- _EXERCISE AIM_
Print the lines of the entries below from the one with "a table topped" through the final line, exactly as they appear. The pictures are not part of the copy.

- _EXTRACTED DATA_
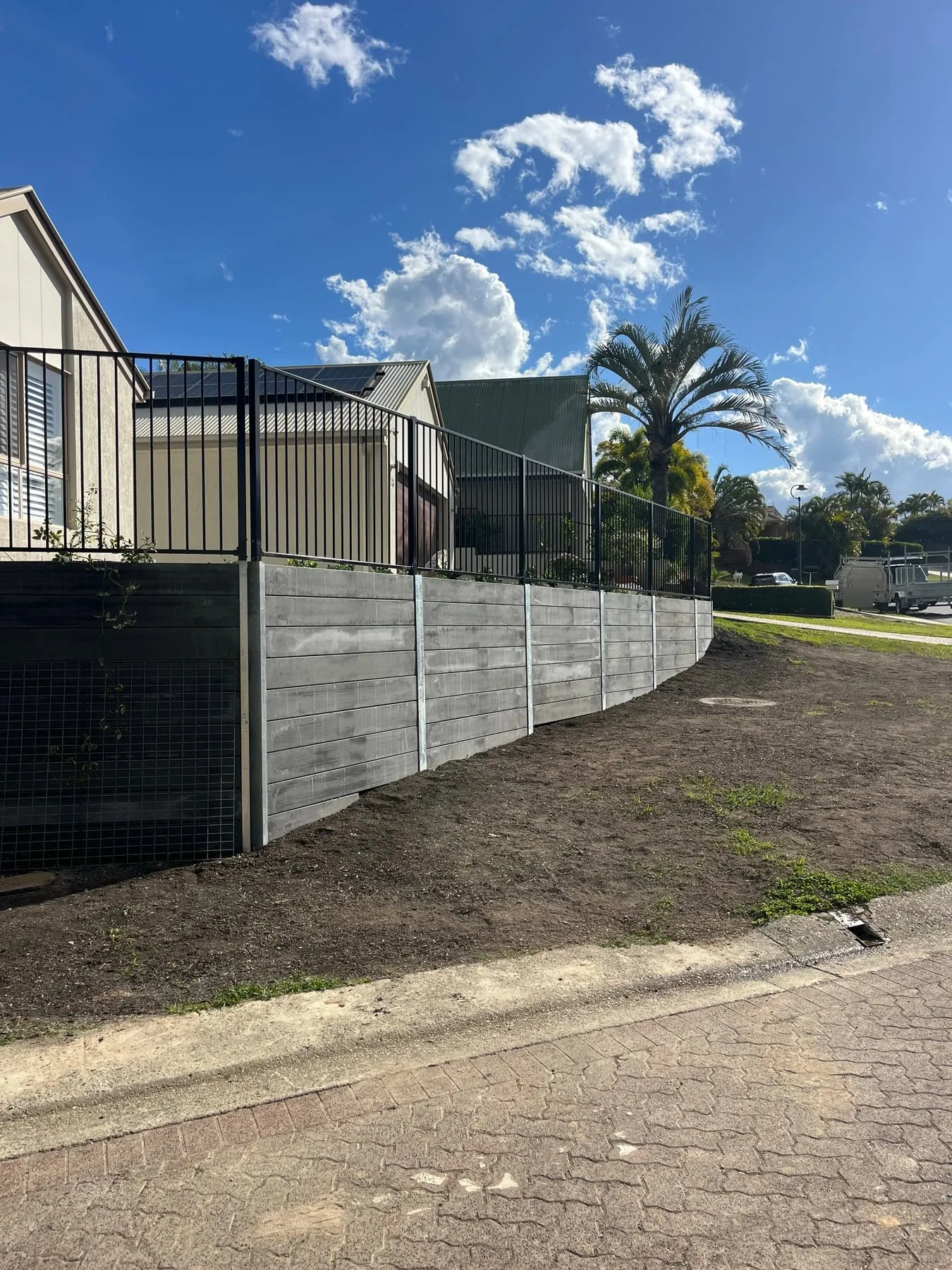 Long curved run of concrete sleeper wall with fencing on top, Albany Creek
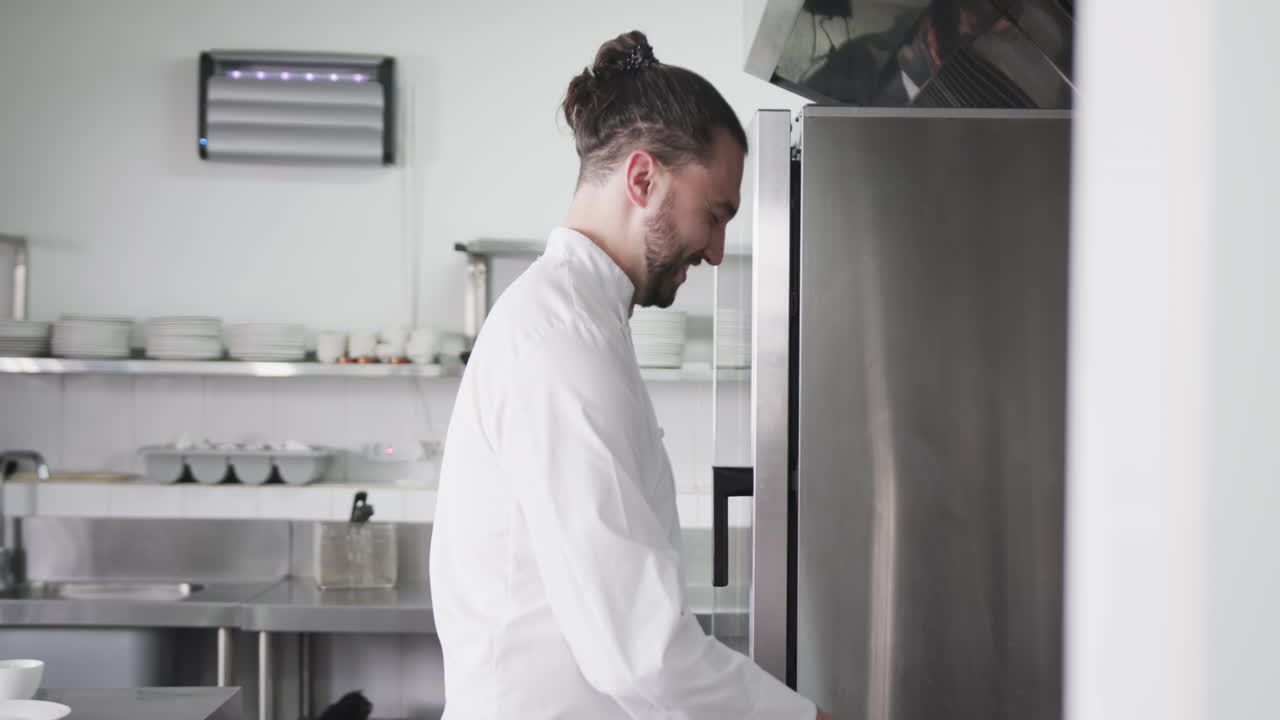 Chef maschio caucasico felice con chignon che lavora nella cucina di un ristorante, spazio per il testo, slow motion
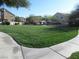 Well-maintained green space in common area, perfect for relaxing outdoors at 3208 Regal Swan Pl # 3, North Las Vegas, NV 89084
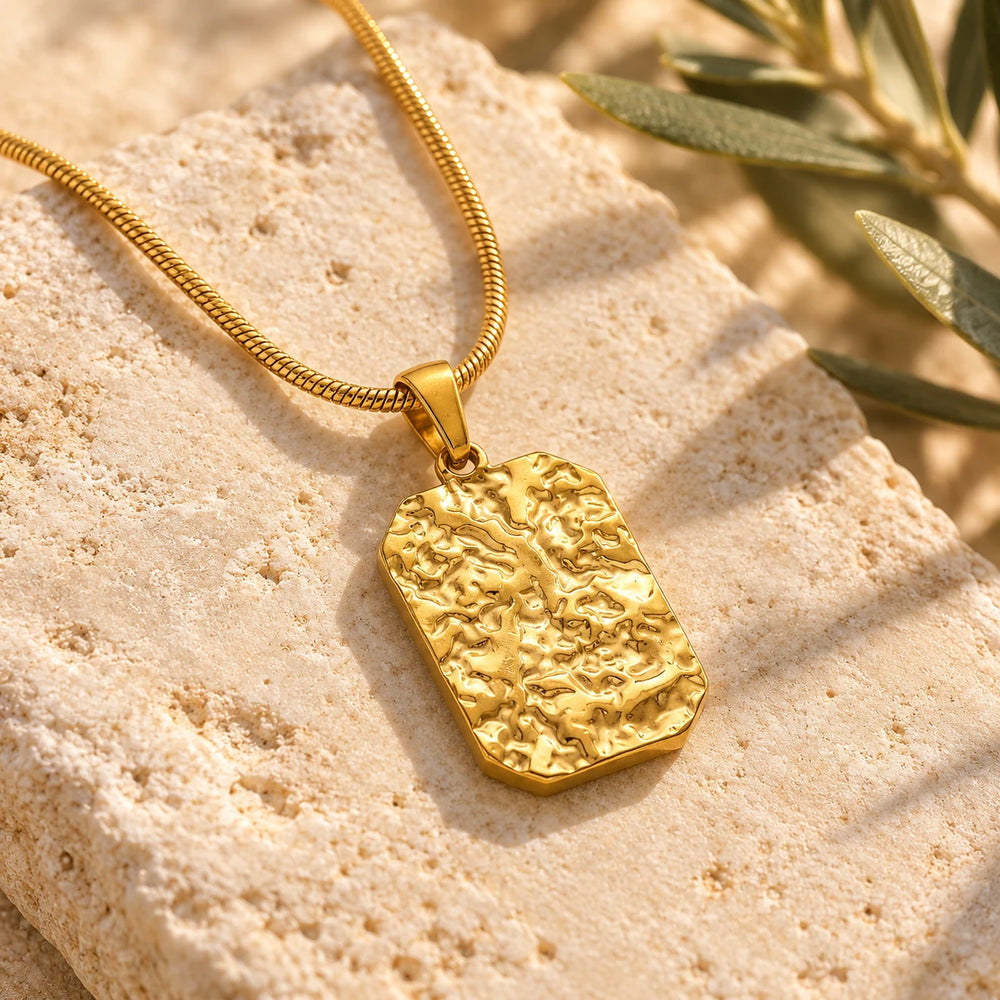 Close-up of the gold-tone stone-relief tag pendant on limestone beside olive leaves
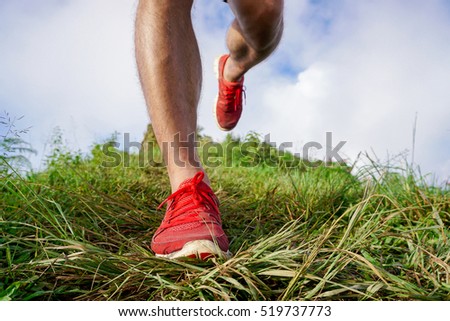 close-up Foot athlete Trail running workout on rocky terrain outdoors for fitness and healthy lifestyle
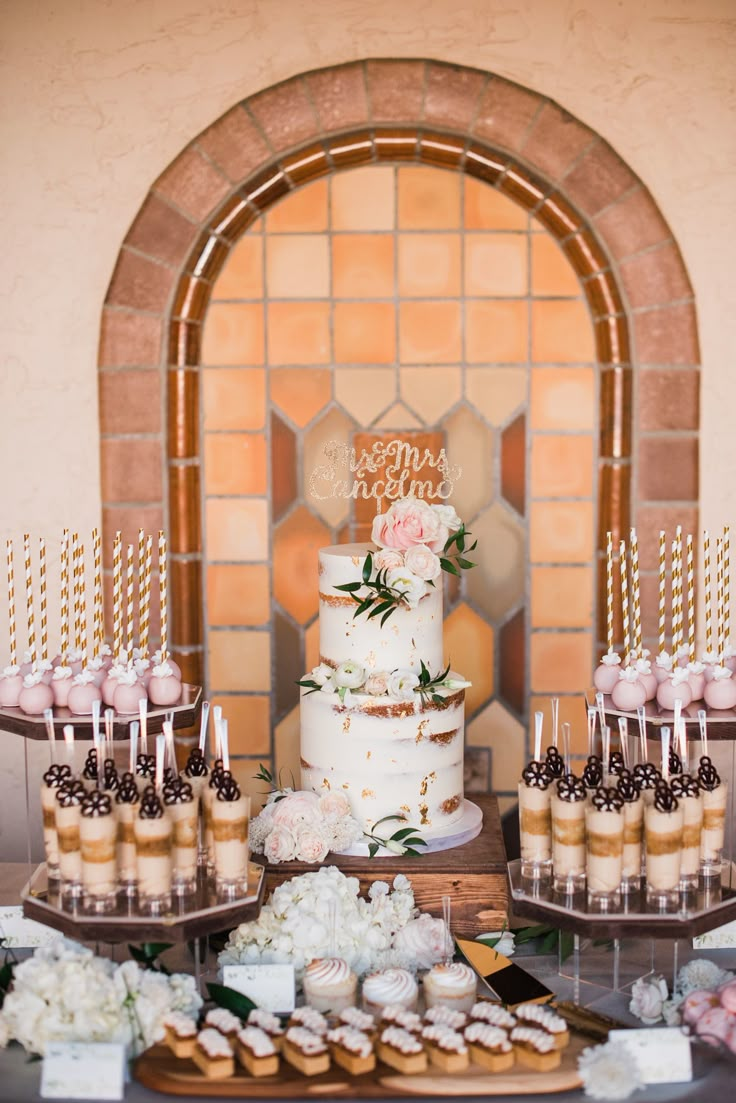 a table topped with lots of cakes and cupcakes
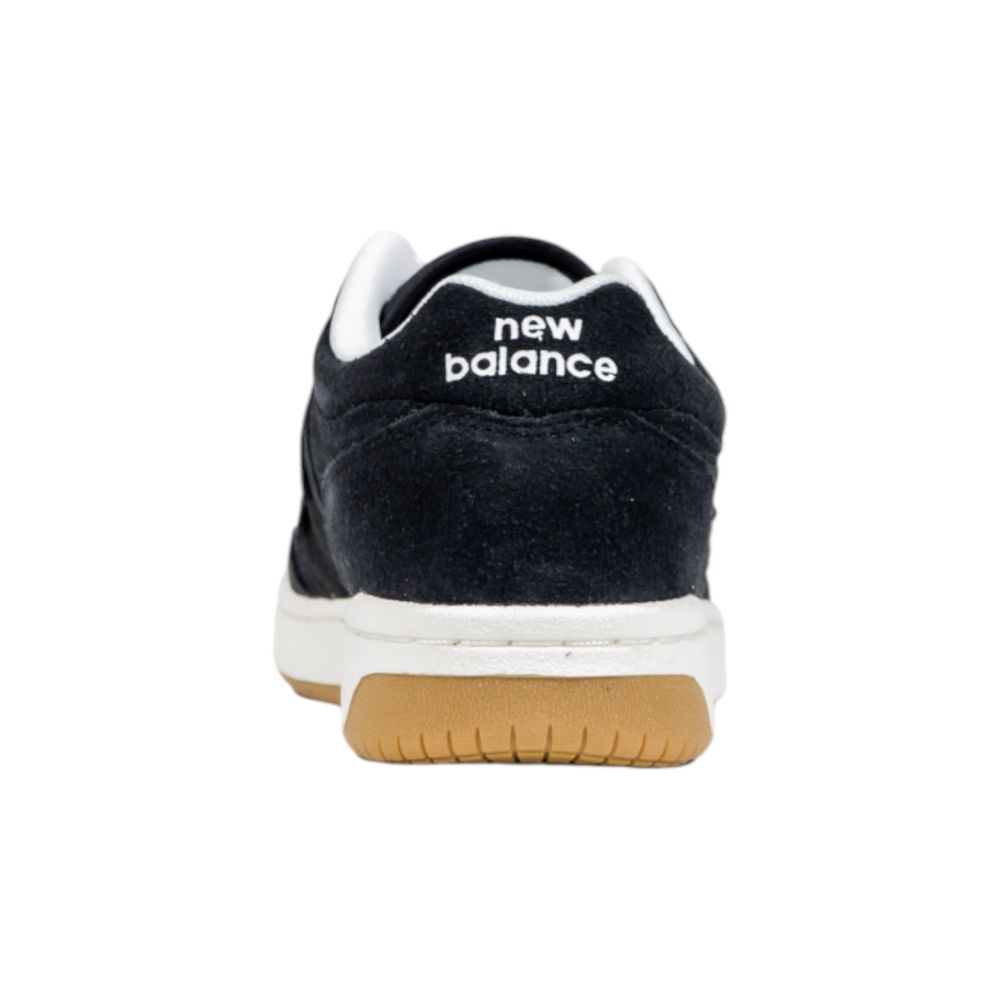 New Balance Black And White Leather Athletic Sneakers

- _ANSWER BOX_
 a table topped with lots of cakes and cupcakes
 New Balance Black And White Leather Athletic Sneakers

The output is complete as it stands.